Collected data:
******
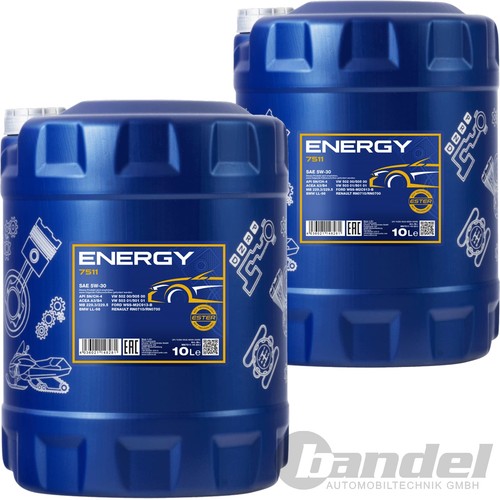 2x10l mannol energy 30 - 2x10l,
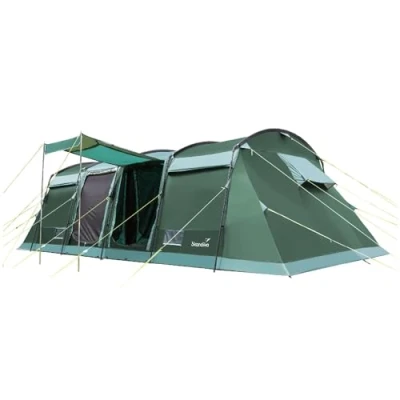 Abbildung von Tunnelzelt Montana Sleeper Protect 8 Personen Camping 3 Schwarze Schlafkabinen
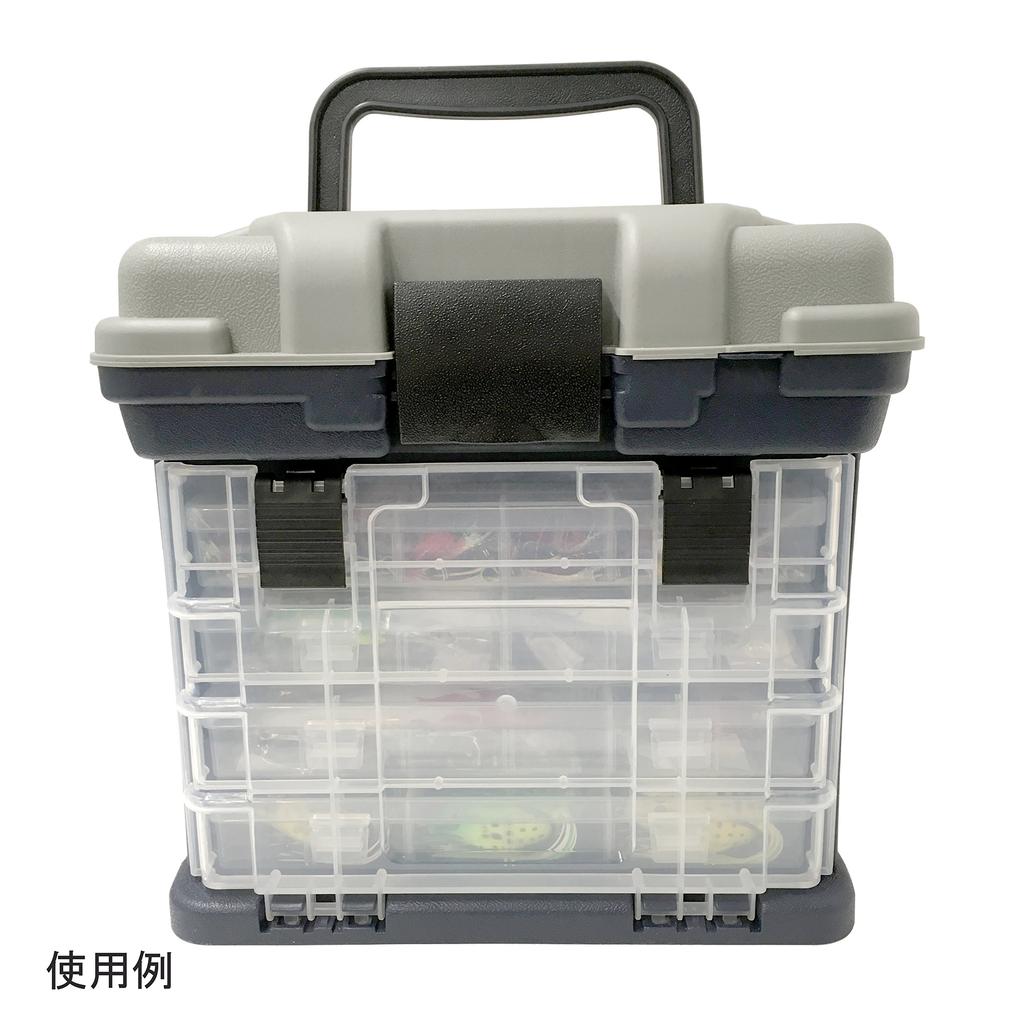 Oruldo Fishing Tackle Large Capacity Tackle for Storing and Perfect as a Lure with Removable and Adjustable Dividers Box, 4-Tier Design, Tackle,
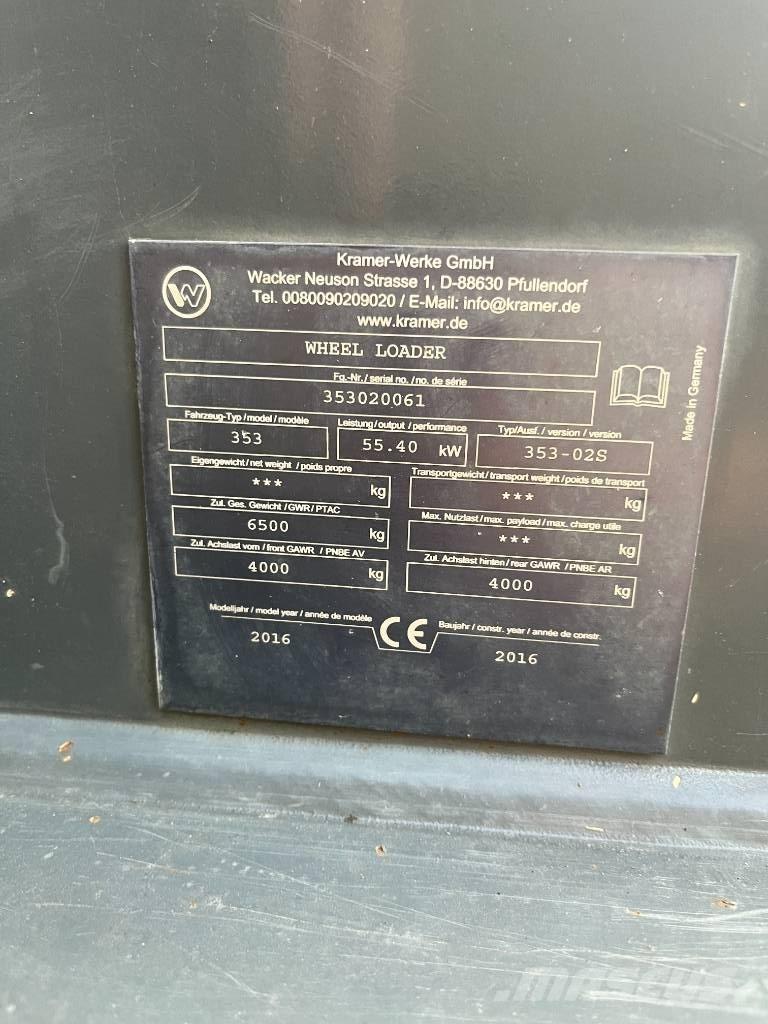 Kramer 5095 Φορτωτές με λάστιχα (Τροχοφόροι)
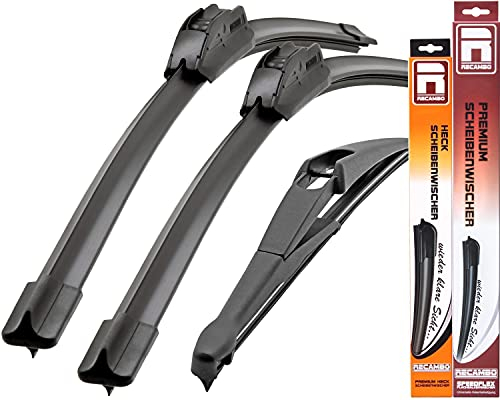 Recambo SCHEIBENWISCHER VORNE + HINTEN kompatibel für NISSAN QASHQAI | J11 | ab 2014 (3er Set: 650mm / 400mm / 300mm)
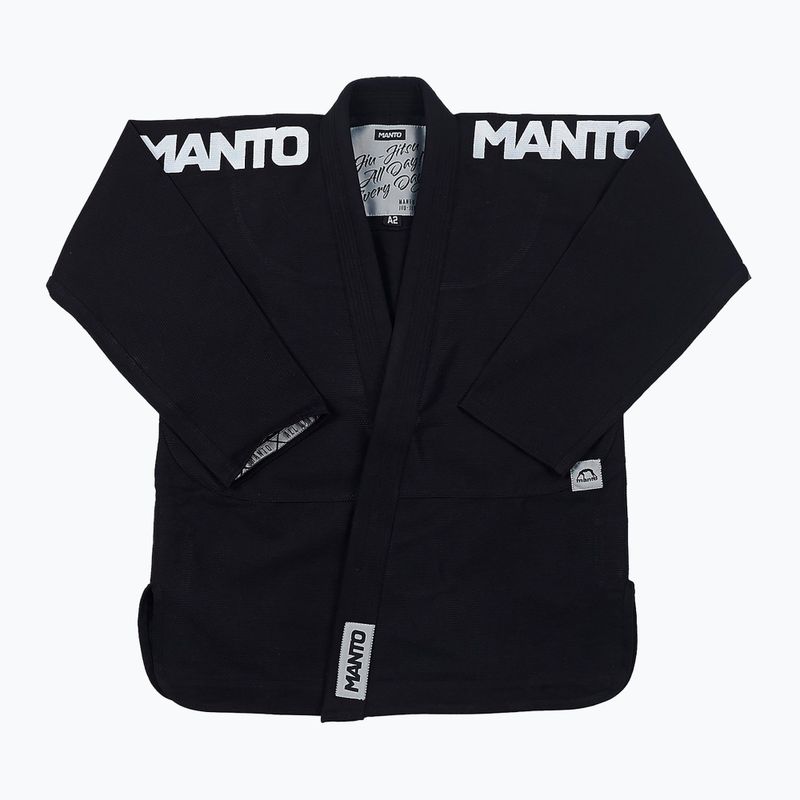 GI für Brazilian Jiu-Jitsu Herren MANTO X4 schwarz MNG978_BLK_A1 2
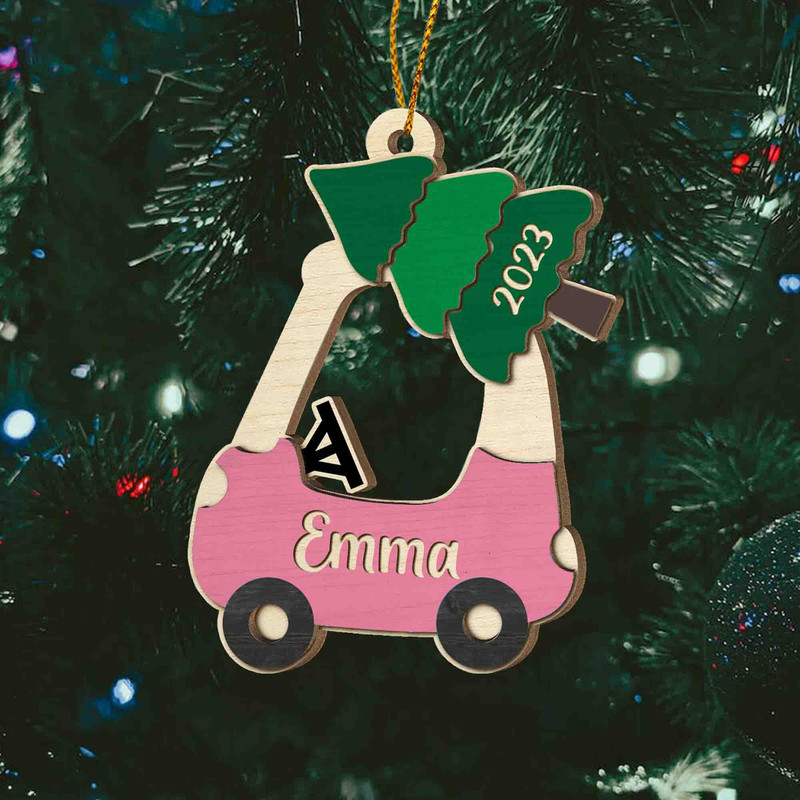 Baby's First Christmas Ornament , Personalized Kids Christmas Ornament, Custom New Baby Gift, Baby Shower Gift,  Kid Christmas Car Ornament - 7.jpg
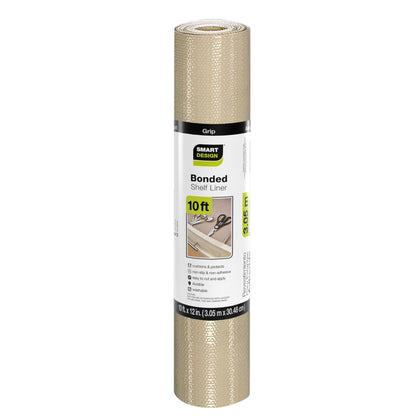 Bonded Grip Shelf Liner - 12 Inch x 10 Feet - Non-Adhesive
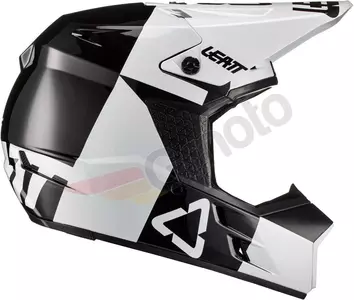 Leatt GPX 3.5 junior cross enduro motociklu ķivere V21.3 balta melna M-2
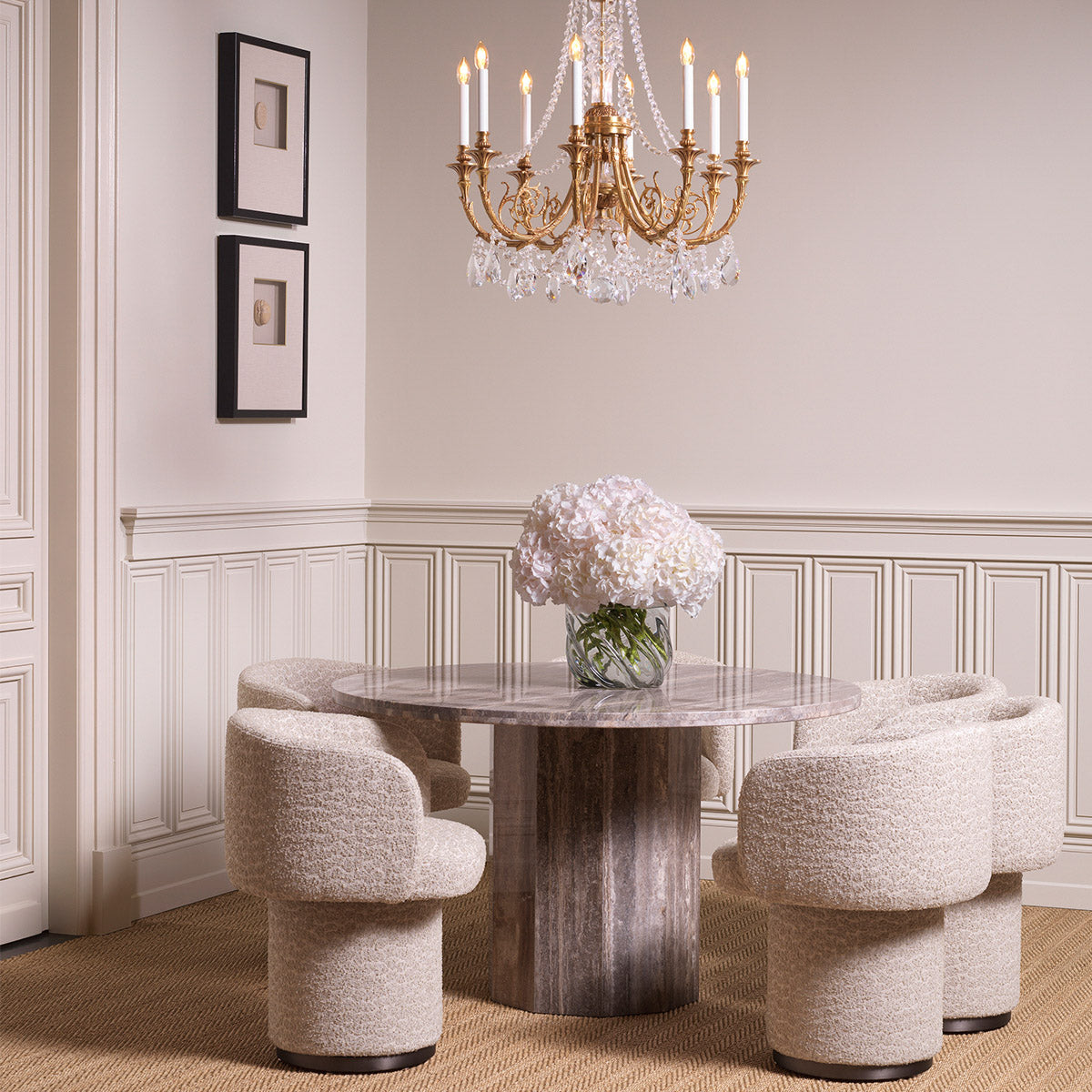 Dining Table Florence Silver travertine Tables TM0408 3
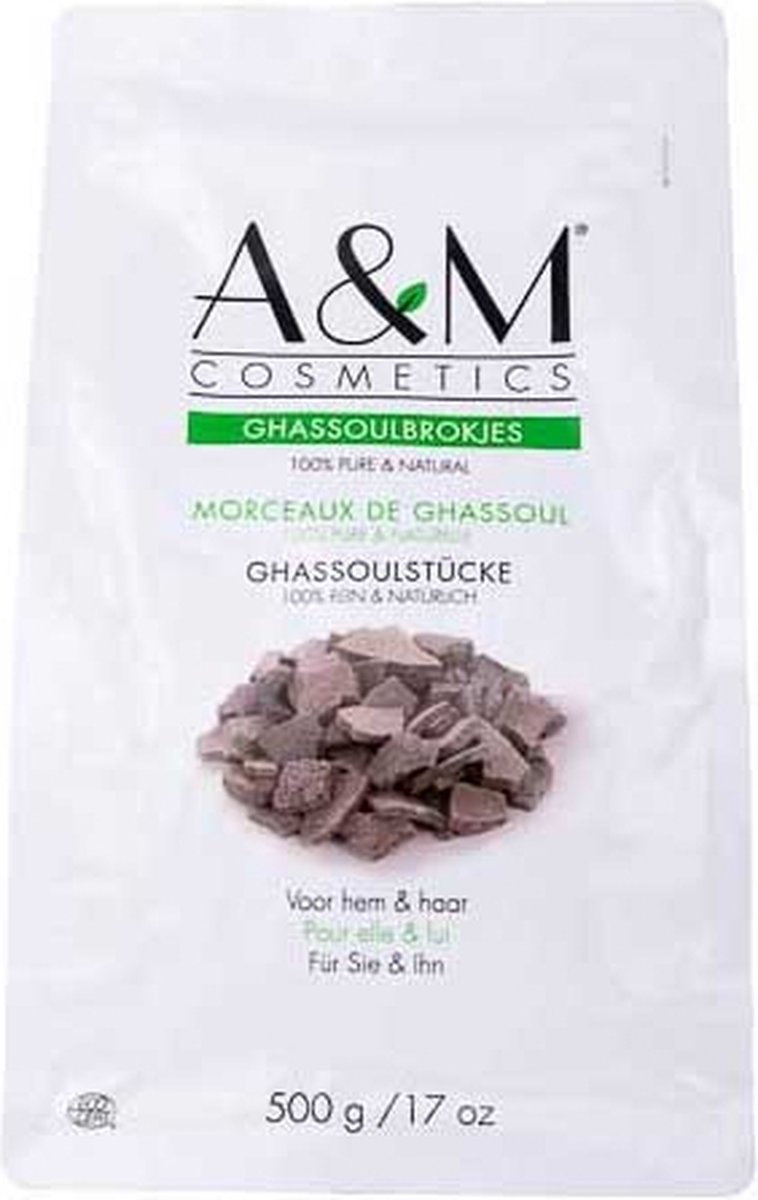 Aza Natural - Ghassoul - Ghassoul brokjes - rhassoul - (biologische gezicht&haarmasker) - 250 gram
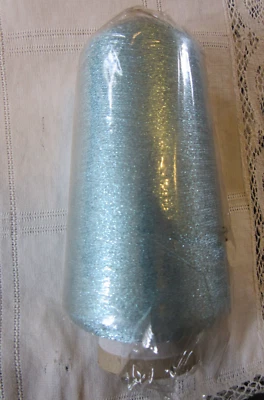 Metallic TURQUOISE Embroidery Thread Yarn 250g w/ Cone from Kreinik - Image 1 of 3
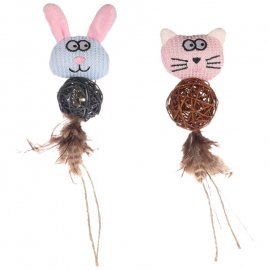 Flamingo Chayenne Rabbit Cat игрушка с колокольчиком и кошачьей мятой для кошек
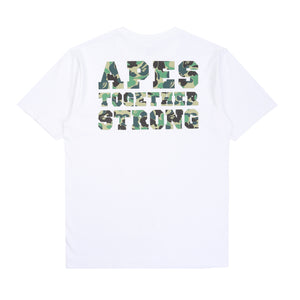 ABC Camo College Ats T-Shirt - White/Green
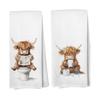 2Pcs Dish Towel Cartoon Dog Bear Pattern Super Water Absorbent Reusable Kitchen Towels Machine Washable Household Cleaning Rags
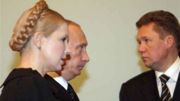 Premier Ukrainy Julia Tymoszenko i premier Rosji Vladimir Putin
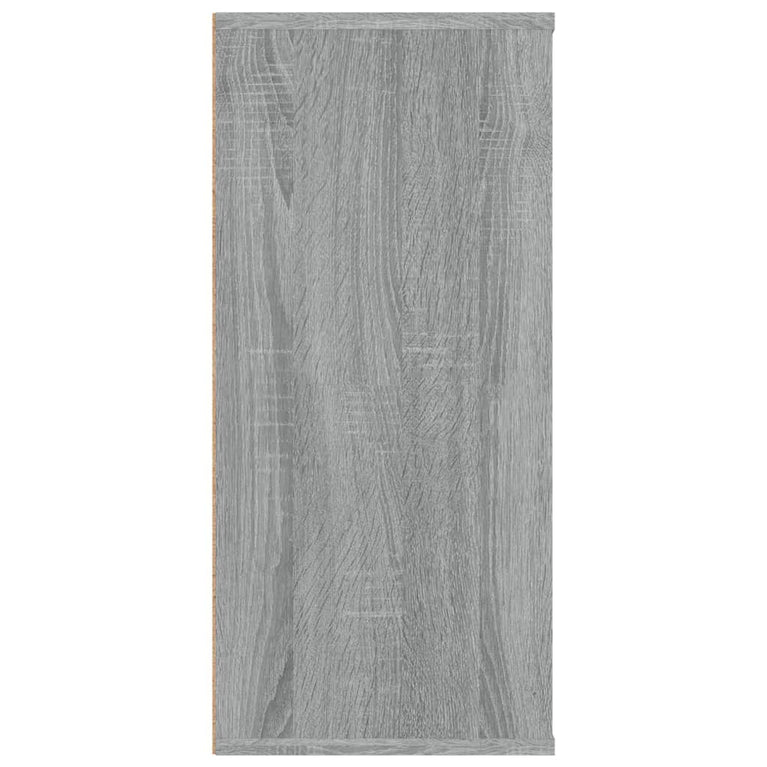 Boekenkast/dressoir 66x30x98 cm bewerkt hout grijs sonoma eiken MeubelReus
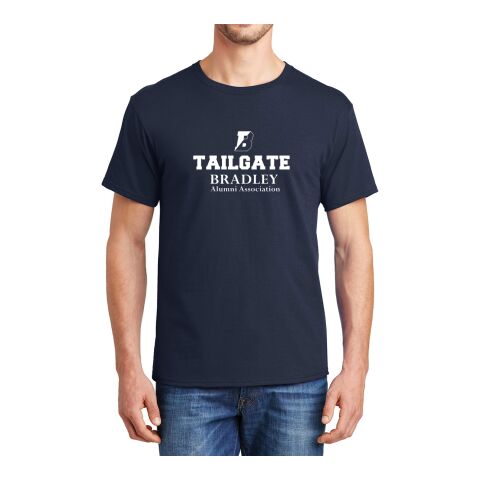 Hanes® ComfortSoft® 100% Cotton T-Shirt Navy | M | No Imprint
******
Transcribe every record exactly and omit each image.

 2x10l mannol energy 30 - 2x10l,
 Abbildung von Tunnelzelt Montana Sleeper Protect 8 Personen Camping 3 Schwarze Schlafkabinen
 Oruldo Fishing Tackle Large Capacity Tackle for Storing and Perfect as a Lure with Removable and Adjustable Dividers Box, 4-Tier Design, Tackle,
 Kramer 5095 Φορτωτές με λάστιχα (Τροχοφόροι)
 Recambo SCHEIBENWISCHER VORNE + HINTEN kompatibel für NISSAN QASHQAI | J11 | ab 2014 (3er Set: 650mm / 400mm / 300mm)
 GI für Brazilian Jiu-Jitsu Herren MANTO X4 schwarz MNG978_BLK_A1 2
 Baby's First Christmas Ornament , Personalized Kids Christmas Ornament, Custom New Baby Gift, Baby Shower Gift,  Kid Christmas Car Ornament - 7.jpg
 Bonded Grip Shelf Liner - 12 Inch x 10 Feet - Non-Adhesive
 Leatt GPX 3.5 junior cross enduro motociklu ķivere V21.3 balta melna M-2
 Dining Table Florence Silver travertine Tables TM0408 3
 Aza Natural - Ghassoul - Ghassoul brokjes - rhassoul - (biologische gezicht&haarmasker) - 250 gram
 Metallic TURQUOISE Embroidery Thread Yarn 250g w/ Cone from Kreinik - Image 1 of 3
 Flamingo Chayenne Rabbit Cat игрушка с колокольчиком и кошачьей мятой для кошек
 ABC Camo College Ats T-Shirt - White/Green
 2Pcs Dish Towel Cartoon Dog Bear Pattern Super Water Absorbent Reusable Kitchen Towels Machine Washable Household Cleaning Rags
 Premier Ukrainy Julia Tymoszenko i premier Rosji Vladimir Putin
 Boekenkast/dressoir 66x30x98 cm bewerkt hout grijs sonoma eiken MeubelReus
 Hanes® ComfortSoft® 100% Cotton T-Shirt Navy | M | No Imprint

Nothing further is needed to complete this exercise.